Lake Caliraya is a man-made lake situated in the municipalities of Lumban, Cavinti, and Kalayaan in Laguna province, Philippines. Created in 1939, the lake has developed as a popular spot for water sports and outdoor recreation including fishing.  Surrounding the lake are a number of resorts and vacation homes which cater to tourists.

History

Lake creation
Lake Caliraya was created after the construction of Caliraya Dam, an embankment dam started in 1939 by US Army Corps of Engineers Chief in the Philippines, Lieutenant Colonel (later Major General) Hugh J. Casey, with the approval of Philippine Commonwealth President Manuel L. Quezon.  The Caliraya River was dammed at its outlet from a large flat plateau area providing a large water reservoir for generating hydroelectric power for Southern Luzon.  The dam was over  high from which a diversion canal was constructed several miles to the head of a steep slope about 950 feet above Laguna de Bay.  Large penstocks were constructed diverting water down to the powerhouse below, with  tailrace to the bay. The high head permitted the use of high-speed turbines and generators at relatively low unit costs. Initial estimate for the project was $5 million, or 10 million pesos, and an output of 40,000 horsepower.

World War II
During World War II, the dam was sabotaged by retreating Americans to prevent use by invading Japanese who rebuilt it, then, themselves sabotaged it as their own defeat approached. It was rebuilt and inaugurated in 1953 by the National Power Corporation (NAPOCOR).

Development of the area
Lake Caliraya was rediscovered in the late 60's by the Nieto and De Padua families who then popularized the lake to Manila's elite and expatriate communities. By the acquisition and consolidation of land titles surrounding the lake, they constructed a residential resort subdivision known as Sierra Lakes and the Dos Lagos Club for residents (now known as Lagos del Sol). Property values increased even more so when the main road to the lake was paved courtesy of a grant from the Japanese government and the refurbishing of the hydroelectric plant in 2004. Lake Caliraya eventually became a high-end neighborhood of vacation homes for the rich and famous.

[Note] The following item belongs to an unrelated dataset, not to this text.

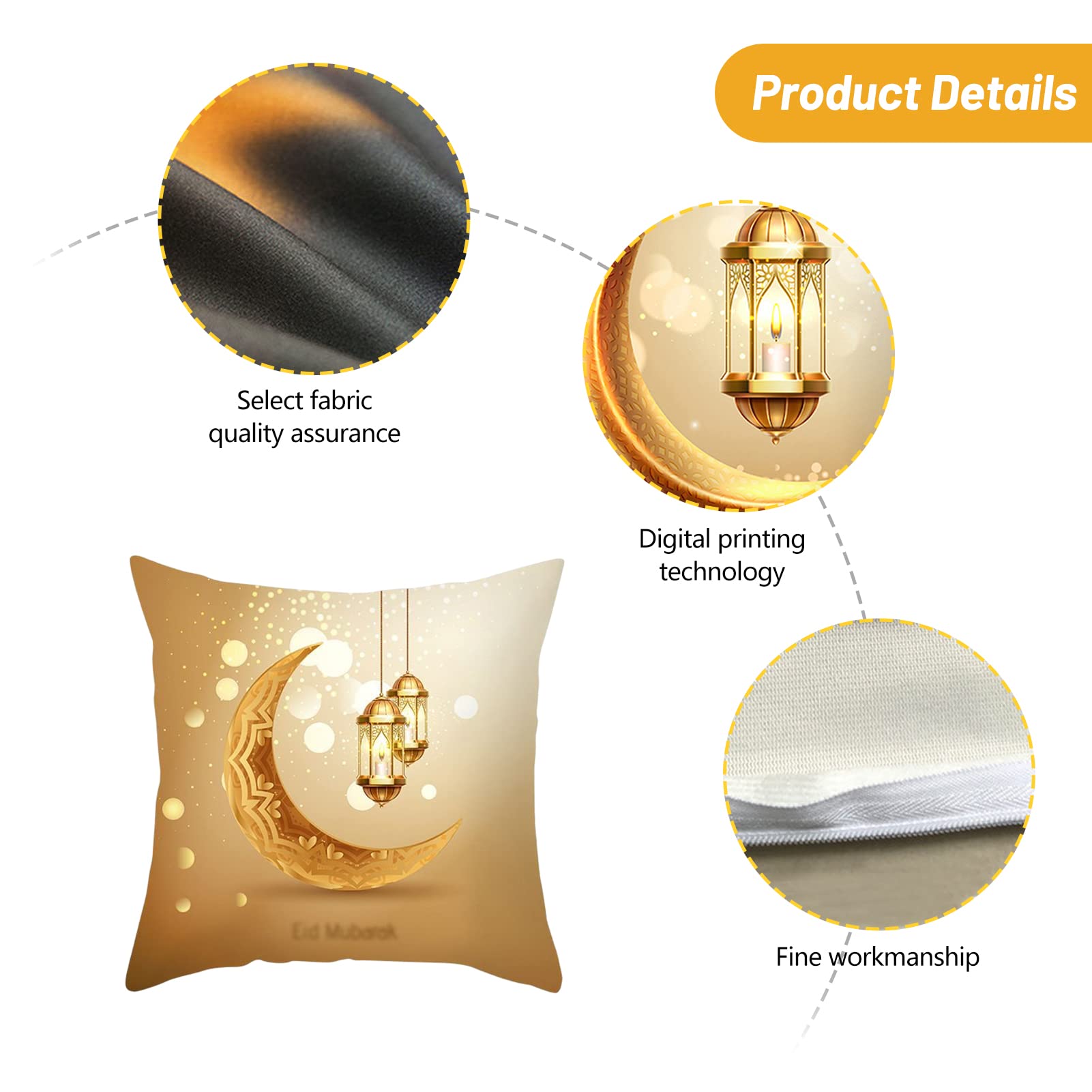 ereqeip Ramadans Eid Light - Federa per cuscino, motivo: luna e stelle, set di federe decorative quadrate Ramadan, per divano, camera da letto, soggiorno, auto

During the 1980s, Lake Caliraya's surroundings were occupied by the local squatters and bandits posing as NPA New People's Army, which affected tourism and development.  Nevertheless, since 1985, there has been major real estate developed with the construction of several small resorts and Caliraya Springs, a golf course and country club. Despite the proliferation of squatters on the roadside due to the negligence of government agencies such as the DPWH (Dept of Public Works and Highways) and Napocor (National Power Corporation), Caliraya continues to be a haven for the rich and the elite, with activities including largemouth bass fishing, wind surfing, kite boarding, wake boarding, jet skiing, water skiing, boating, golf, camping, and other sporting and recreational outdoor activities. Property values remain high, and a new generation of developments, both private and commercial, are slowly coming onstream.

Geography and geological phenomenon
Lake Caliraya is situated approximately 1,200 feet above sea level, and is perched high in the Sierra Madre. The lake experiences cool climate all year round. Winds start blowing in Lake Caliraya from the beginning of September up to late May.

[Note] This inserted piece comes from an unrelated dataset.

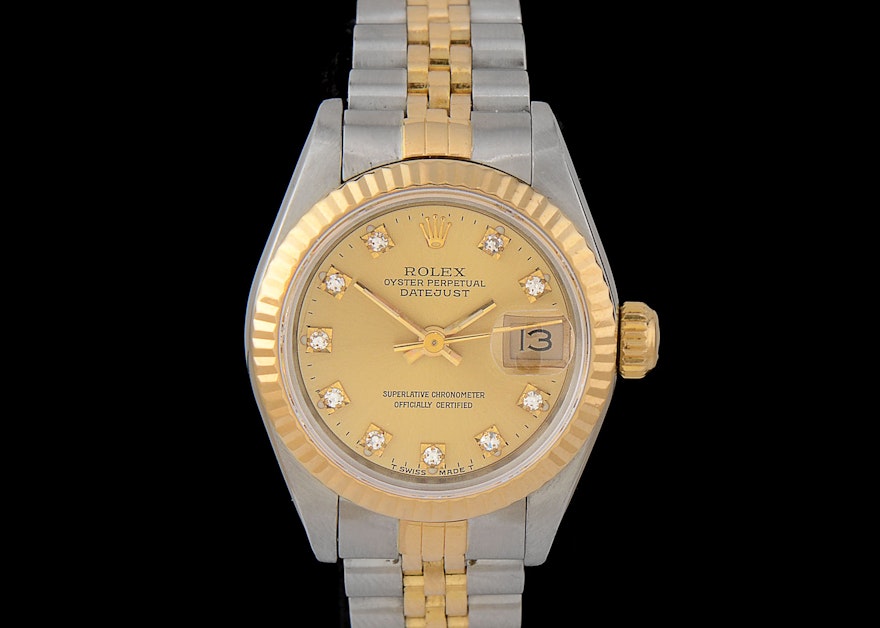 Women's Rolex Diamond Oyster Perpetual Datejust Wristwatch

Lake Caliraya's bottom, as well as the surrounding hills, are characterized by a reddish clay topsoil. The lake's floor has a very soft clay bottom.  Local residents of the lake's surroundings still tell stories about certain areas in the lake that are reputed to have sucked boats down - an unfounded claim typical among superstitious locals.

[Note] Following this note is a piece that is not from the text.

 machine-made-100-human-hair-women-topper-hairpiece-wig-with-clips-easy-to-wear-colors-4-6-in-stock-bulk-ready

Lake surroundings and islands
The lake's surroundings have been compared to various North American resorts, as suggested by the abundance of pine trees which were introduced by some of the early developers to replace many of the coconut trees, as well as year-round cool climate, and verdant hills. Also, numerous islands of various shapes and sizes have been formed during the creation of the dam lake. All are unnamed. The biggest island is approximately as big as Rizal Park, while the smallest is actually a sandbar about 3 square meters often submerged during high water. This tiny island can be viewed from Lagos del Sol Resort.

Bass fishing
The early developers (Kalaw, Nieto and the De Padua families) seeded the lake with largemouth bass, and through the years, the lake has remained the most popular bass fishing spot in the country.

See also
 Caliraya Dam

References

External links
 

Caliraya
Caliraya
Sierra Madre (Philippines)
Landforms of Laguna (province)
Tourist attractions in Laguna (province)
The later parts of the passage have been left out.